> **WHAT YOU SHOULD DO**: Gather every line from the entries below that includes "Telegram".

++++ DATA IN THIS EXERCISE

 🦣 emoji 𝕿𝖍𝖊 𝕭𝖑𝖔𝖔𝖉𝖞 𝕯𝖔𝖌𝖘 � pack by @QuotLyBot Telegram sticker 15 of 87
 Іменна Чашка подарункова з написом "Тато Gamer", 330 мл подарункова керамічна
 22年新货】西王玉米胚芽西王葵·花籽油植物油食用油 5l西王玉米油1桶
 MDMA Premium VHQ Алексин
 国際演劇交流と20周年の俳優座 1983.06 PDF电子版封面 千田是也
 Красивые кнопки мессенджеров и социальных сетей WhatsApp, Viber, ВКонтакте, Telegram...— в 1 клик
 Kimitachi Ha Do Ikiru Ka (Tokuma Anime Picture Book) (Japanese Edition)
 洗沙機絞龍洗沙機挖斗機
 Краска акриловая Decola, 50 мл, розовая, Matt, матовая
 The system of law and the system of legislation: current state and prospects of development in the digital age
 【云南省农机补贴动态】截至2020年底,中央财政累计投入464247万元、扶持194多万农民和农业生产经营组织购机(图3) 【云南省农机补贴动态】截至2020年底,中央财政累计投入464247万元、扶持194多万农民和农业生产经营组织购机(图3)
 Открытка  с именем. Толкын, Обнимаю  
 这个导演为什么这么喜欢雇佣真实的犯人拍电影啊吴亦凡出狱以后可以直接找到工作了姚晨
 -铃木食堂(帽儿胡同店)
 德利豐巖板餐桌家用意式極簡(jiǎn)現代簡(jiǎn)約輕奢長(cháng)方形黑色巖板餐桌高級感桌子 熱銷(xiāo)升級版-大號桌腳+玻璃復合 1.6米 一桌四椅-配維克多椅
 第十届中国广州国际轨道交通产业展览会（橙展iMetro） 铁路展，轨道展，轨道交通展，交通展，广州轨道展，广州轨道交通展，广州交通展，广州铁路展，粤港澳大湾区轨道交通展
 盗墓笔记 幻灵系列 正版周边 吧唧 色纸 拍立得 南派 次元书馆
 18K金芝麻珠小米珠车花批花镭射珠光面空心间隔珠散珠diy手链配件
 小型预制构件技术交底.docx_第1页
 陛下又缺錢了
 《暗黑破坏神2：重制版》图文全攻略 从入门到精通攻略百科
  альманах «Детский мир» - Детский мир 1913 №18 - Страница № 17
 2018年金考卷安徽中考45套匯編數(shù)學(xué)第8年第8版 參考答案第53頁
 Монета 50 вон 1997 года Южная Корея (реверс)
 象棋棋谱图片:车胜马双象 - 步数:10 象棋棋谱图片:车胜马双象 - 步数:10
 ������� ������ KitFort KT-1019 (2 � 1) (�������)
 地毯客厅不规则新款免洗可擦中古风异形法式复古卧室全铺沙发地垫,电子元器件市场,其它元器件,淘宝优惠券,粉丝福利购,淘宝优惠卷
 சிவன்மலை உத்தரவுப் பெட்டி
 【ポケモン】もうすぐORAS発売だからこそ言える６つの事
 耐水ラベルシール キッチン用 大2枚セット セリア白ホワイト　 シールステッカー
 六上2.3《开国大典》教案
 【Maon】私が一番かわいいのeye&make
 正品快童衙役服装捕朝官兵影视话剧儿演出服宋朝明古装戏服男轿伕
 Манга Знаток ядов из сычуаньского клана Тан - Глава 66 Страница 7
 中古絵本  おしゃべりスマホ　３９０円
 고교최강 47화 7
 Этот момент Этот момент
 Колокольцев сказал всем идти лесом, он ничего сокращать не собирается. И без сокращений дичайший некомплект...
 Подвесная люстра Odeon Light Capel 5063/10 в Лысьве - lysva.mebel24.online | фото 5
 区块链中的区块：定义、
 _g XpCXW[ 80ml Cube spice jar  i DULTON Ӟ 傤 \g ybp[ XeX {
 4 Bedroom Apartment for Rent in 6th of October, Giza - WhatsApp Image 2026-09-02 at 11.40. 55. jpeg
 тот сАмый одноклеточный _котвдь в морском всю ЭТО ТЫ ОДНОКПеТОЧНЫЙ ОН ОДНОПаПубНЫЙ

++++++++

> **RESPONSE BOX**:
 🦣 emoji 𝕿𝖍𝖊 𝕭𝖑𝖔𝖔𝖉𝖞 𝕯𝖔𝖌𝖘 � pack by @QuotLyBot Telegram sticker 15 of 87
 Красивые кнопки мессенджеров и социальных сетей WhatsApp, Viber, ВКонтакте, Telegram...— в 1 клик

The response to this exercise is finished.